Ed ora, nei miei limiti, discuterò alcune tesi di Natoli. “D’altra parte - egli scrive- cosa mai sarebbe il potere se non governare la vita?”. Direi che esso governa la vita nel modo utile per riprodurre se stesso, il che mostra la necessaria violenza della “ideologizzazione” come dice perfettamente Natoli. Quanto alla (metaforica) dimenticanza del peccato originale (Baudelaire) credo che la dimenticanza fosse del Papa come dell’Imperatore nel Medio Evo. È una brillante metafora per individuare a rovescio la famosa immensa torre parigina Eiffel (che Proust ignora) in concomitanza con la parallela euforica e borghese condizione di vita. Natoli ci dice: “l’uomo moderno ha sottovalutato la sua fallibilità e si è detto signore della storia”. Mi domando quale uomo e quale storia: per esempio la storia genocida degli USA, quella orrenda del nazismo, l’incremento del famoso PIL ecc. ecc.
Natoli: “il marxismo svela il segreto della storia, vede nel capitalismo il male assoluto”; questa è la visione del famoso libretto del ’47, poi Marx (Il Capitale voll. I, II, III) studia la struttura del capitale (addio Hegel) e Lenin instaura la “nuova politica economica”.
Natoli: “I media oggi sono epidermici e di qui una facile sollecitazione del desiderio e una altrettanto facile manipolazione delle rabbie sociali”. Perfetto: ma anche un compiacimento della propria identità nei ludi sociali. Ha ragione Foucault nel parlare di una “microfisica del potere”: è la caratteristica di una società complessa, il contadino della società idraulica e imperiale cinese incarna da solo il potere. La “biopolitica” è una metafora meno felice: pensate al contadino europeo della modernità, e la società castale indiana che cosa è? Natoli: “È ormai noto e studiato che la digitalizzazione, la Rete […] abbiano modificato gli schemi cognitivi”. Perfetto. Tuttavia aggiungo: hanno provocato un volgare individualismo che ha reso “formale” le regole di una democrazia compiuta, alla cui ombra è possibile qualsiasi demagogia.

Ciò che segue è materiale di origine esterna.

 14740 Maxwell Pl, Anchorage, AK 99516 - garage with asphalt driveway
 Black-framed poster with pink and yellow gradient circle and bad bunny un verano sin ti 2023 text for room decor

Natoli: “state attenti ai robot”. Perfetto. Tuttavia il problema va visto nel rapporto tra capitale fisso e variabile. Tutto il lavoro diviene capitale fisso. A chi spetta il salario? E dal punto di vista demografico? E l’investimento della ricchezza? E l’occupazione?

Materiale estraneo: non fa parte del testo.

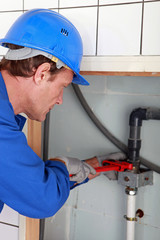Plumbing tightening a nut with a wrench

Natoli: “La scienza non può prevedere”. Quale pratica scientifica? In quale contesto? Con quali poteri? La scienza “aristotelica” si occupa di Marte, quella sociale (con eccezioni) è inserita nell’apparato produttivo. “Il bene comune” diventa sempre più piccolo ed è, per lo più, la pubblicità del potere o, meglio, dei poteri.
Natoli: “l’antinomia tra pensiero ingenuo e complesso”. “Pensiero” nasce come “racconto”. Il modello classico della democrazia richiedeva, anche nella sua semplicità, un pensiero complesso. Oggi i poteri richiedono (!) un pensiero puerile che è la trama della politica.
Natoli: “La politica ha oggi, davanti a sé, un tempo senza fine”. Perfetto: poiché il tempo senza fine è l’assoluto presente. Avremo (se va bene) gli uomini dell’assoluto presente: bambini tecnologici. Direi anch’io molto volentieri: libera nos a malo. Ma non so a chi mi rivolgo. Nel nostro caso forse è così. Agli altri la risposta è il silenzio, magari noi un poco impauriti per le nuvole all’orizzonte.